Once the worst of the Coronavirus crisis passes there’s likely to be much more regulation of parts of the rental sector according to the head of ARLA Propertymark.
Chief executive David Cox forecasts that yet more legislation is on the cards once the government resumes something like normal business.
“[Post-crisis] I think they’re going to be looking at more regulation of landlords. I think we will go into a much tougher regime on property standards” Cox told a webinar hosted by PropTech firm Goodlord.
He says the key to success will be for the industry to lead that change rather than merely react to it.
“We are trying to get out ahead of that with the concept of a property MOT; if we can try and shape what comes next, it’s going to be much easier for the industry to accept than to have a whole collection of laws thrown at us like we have over the past 10 years” he told webinar delegates.
“Let’s get out in front of it, so we’re on the front foot.”
He also suggested that agents and other players in the rental sector remember that other legal changes are still in the pipeline, despite the virus challenge.
That includes the abolition of Section 21, Electrical Safety Regulations on new tenancies - coming into effect on July 1 - and the emphasis on agent training contained in the recommendations of the Regulation of Property Agents working group.
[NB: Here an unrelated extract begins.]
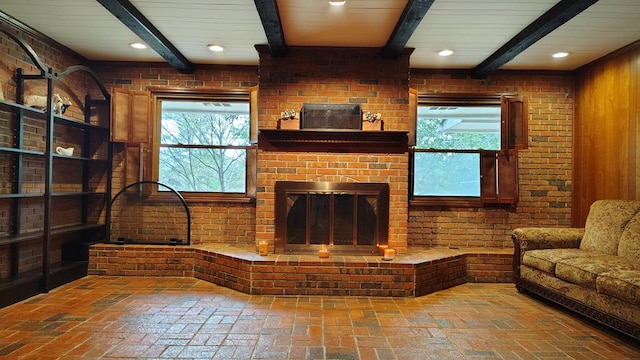 living room featuring beamed ceiling, brick floor, brick wall, and a healthy amount of sunlight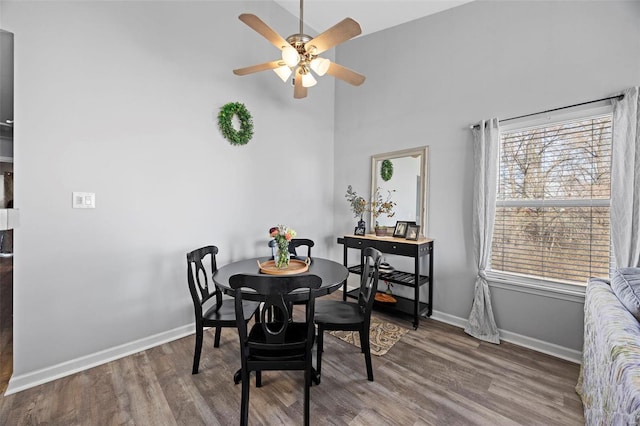 dining area with ceiling fan, wood finished floors, baseboards, and a towering ceiling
In the shorter term, the first Friday out of lockdown is likely to be one of the busiest in the lettings industry’s history suggests Cox.
“There’s clearly a massive amount of pent-up demand in the market. Our message is just put everything on pause - don’t cancel it. The first Friday out of lockdown is probably going to be one of the biggest moving days in the lettings industry’s history.”
He described the industry’s response to the Coronavirus crisis so far as “exceedingly professional” and advised agents to focus on how they will handle the first seven days back” when the market is predicting a surge in new tenancy applications.
And he advised assessing capacity requirements and logistical changes needed to respond to that demand.